To the Editor:
In the May 2008 issue of The Journal we described the case of an Italian Olympic athlete with Behçet’s disease (BD) who had a long-lasting remission after treatment with infliximab1, enabling him to take part in international athletic competitions. To date, the duration of the complete remission is 3.5 years. In the last 12 months, the dose of infliximab has been 3 mg/kg and the interval between the infusions 3 months. Previously, the drug was given at a dose of 5 mg/kg every 2 months. Azathioprine has always been taken at the low dose of 0.7 mg/kg/day with the intention of reducing the immunogenicity of infliximab. The ability to maintain complete remission of BD with a very low dosage of infliximab could have permitted us to interrupt the therapy. We decided to continue since the athlete is still active and wants to compete for 2 more years.
We are following another patient with BD who had a long-lasting remission after the end of infliximab therapy. The patient, a 24-year-old man, came to the outpatient clinic of the Rheumatology Department of Lucania in November 2001. The disease had started 6 months before, with posterior uveitis of the left eye. Subsequently, recurrent oral apthosis, bilateral anterior uveitis, papulopustolosis, and erythema nodosum had appeared. His history and family history were unremarkable. Examination showed oral apthae and skin papulopustular lesions. Ophthalmological evaluation revealed acute anterior uveitis in both eyes and corioretinitis in the left. HLA typing was positive for B51 antigen.
He was given cyclosporine 3 mg/kg/day and prednisone 25 mg/day. In the following months there was partial improvement of the eye and mucocutaneous symptoms and signs. The prednisone dose was progressively tapered to 4 mg/day. In May the dose of cyclosporine was reduced to 2.5 mg/day due to a mild increase of serum creatinine.
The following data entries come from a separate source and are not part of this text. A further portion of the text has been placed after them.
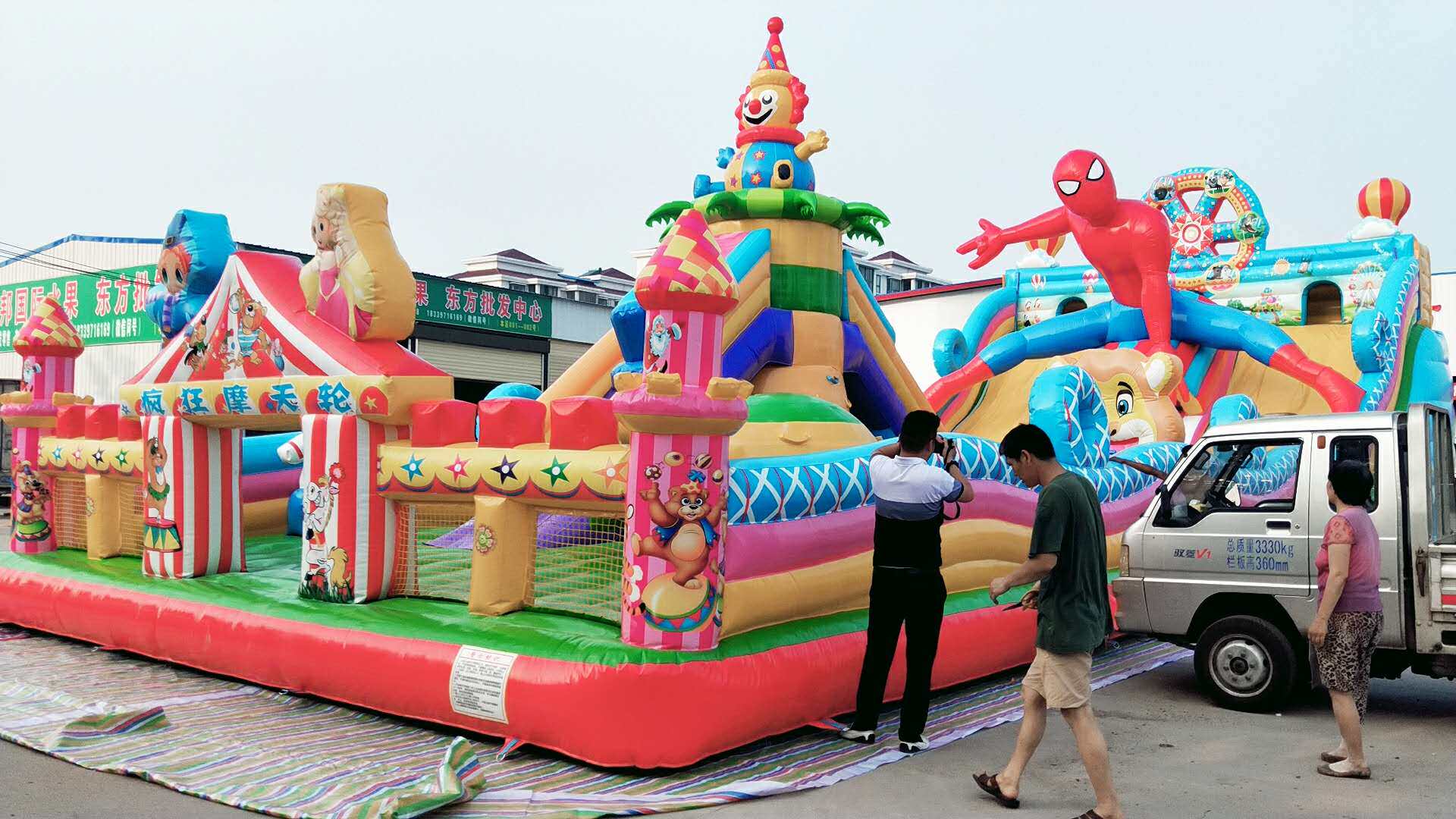 Inflatable Castle Outdoor Large Trampoline Bed Children Orchestra Naughty Castle Amusement Equipment Outdoor Rock Climbing Slide-Bed Jumping Bed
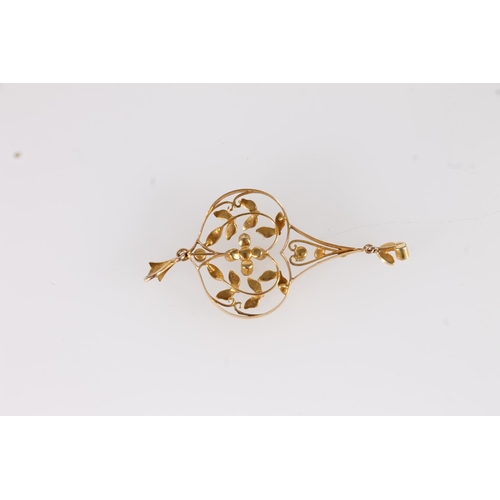 134 - Edwardian 9ct gold Art Nouveau lavaliere pendant, the open work frame set with seed pearls, H5.4cm.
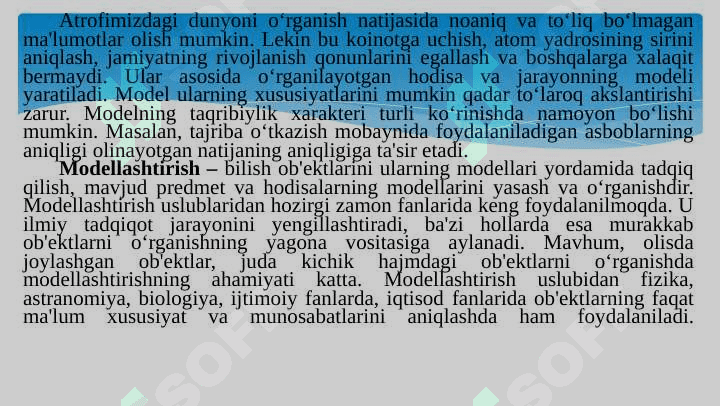 Matematik modellashtirishning asosiy tushunchalari 3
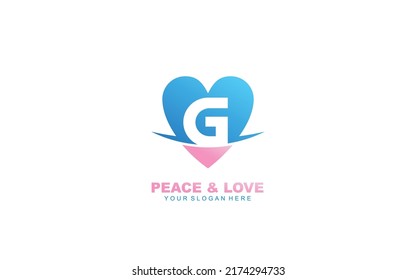 G LOVE logo design inspiration. Vector letter template design for brand.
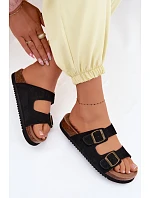 Kožené semišové dámské pantofle s přezkami černé model 22125572 - Boto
In September 2002, the posterior uveitis of the left eye was worse despite cyclosporine therapy. With the patient’s consent we stopped cyclosporine and began intravenous infliximab therapy 5 mg/kg at Weeks 0, 2, and 6 and subsequently every 2 months. There was rapid improvement of the eye symptoms and signs until they disappeared after the third infusion. The mucocutaneous lesions disappeared and have not reappeared.
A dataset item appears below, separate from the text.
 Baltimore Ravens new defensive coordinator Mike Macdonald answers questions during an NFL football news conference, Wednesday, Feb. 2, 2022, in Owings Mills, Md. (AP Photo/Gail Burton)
The patient withdrew his consent to infliximab therapy in December 2004 after the 13th infusion. He had been without any symptoms and signs of the disease for 2 years and did not want to continue treatment. Since then, we have examined him twice a year. The disease has remained in complete remission to date.
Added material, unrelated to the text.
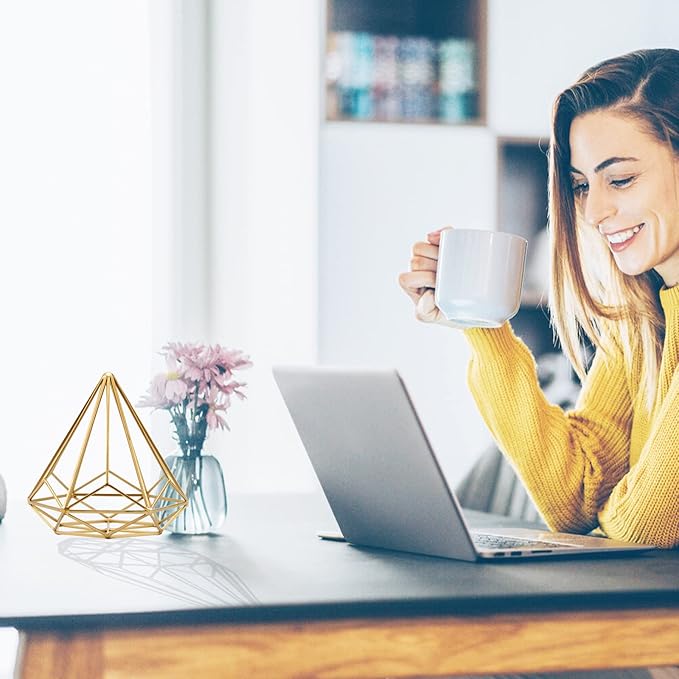 6 inches-Bright Gold Iron Sphere-Diamond Shape, Geometric Sculpture Decorative Sphere,Tabletop Decorations for Living Room, Study，Bedroom，Modern Home Decor Accents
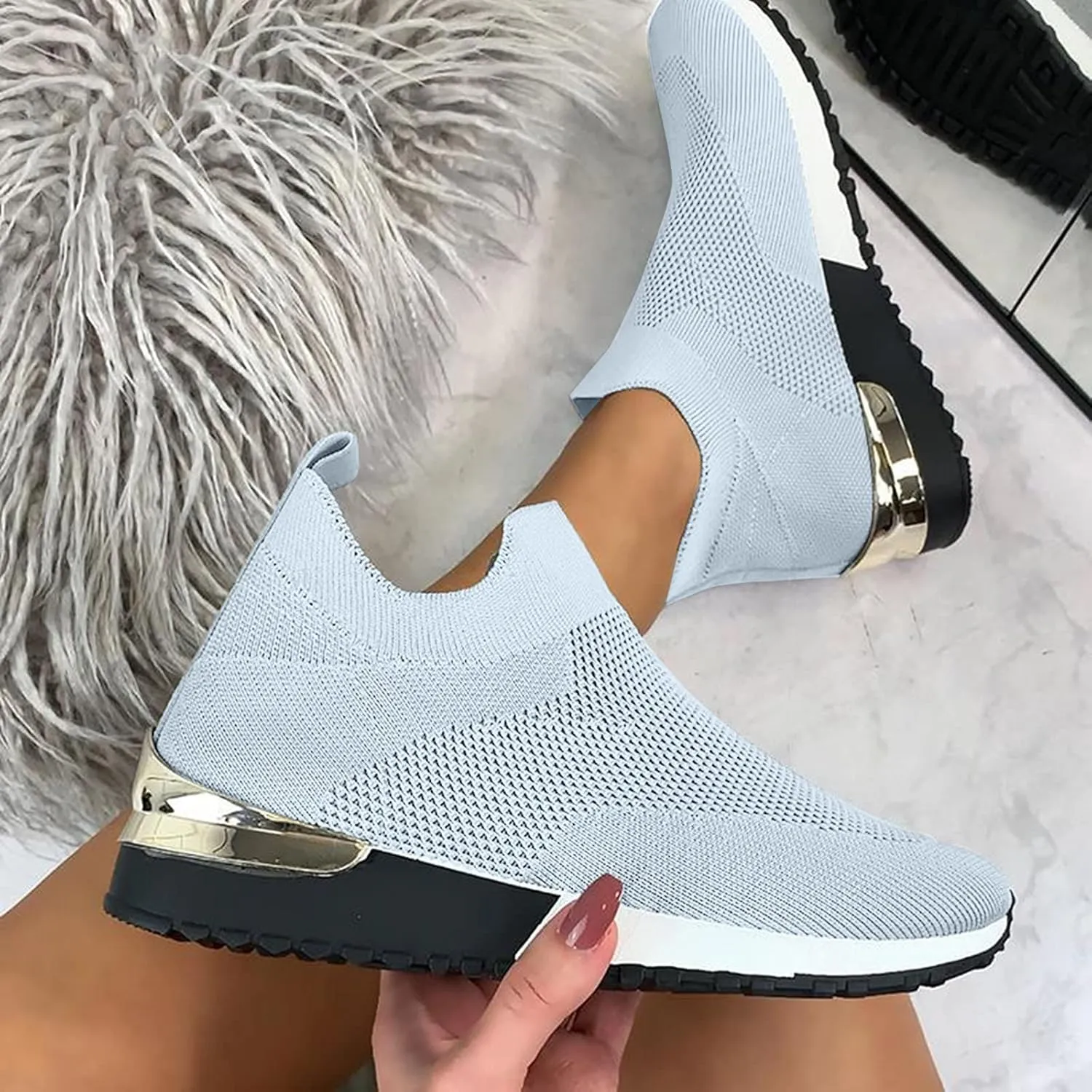 Arch Support Dress Shoes for Women Plantar Fasciitis Slip On Walking Shoes for Women Wide Women Slip On Shoes Casual Mule Chunky Platform High Sneakers for Women Zapatos De Ejercicios para Mujer Gym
This patient has had a very long remission with infliximab therapy, a duration of 6 years of which 2 taking infliximab therapy and 4 without any drug. Unlike the athlete, the complete remission has persisted after the end of infliximab therapy. It is notable that both patients are young men at increased risk of developing systemic complications, which carry significant morbidity and mortality2,3.
Our present case suggests that the remission obtained with infliximab can persist for a long time after the end of therapy. A question arises: can patients with BD treated early with infliximab, as with our 2 cases, recover from the disease? The answer will come from studies on large numbers of patients and continuous followup of our 2 patients.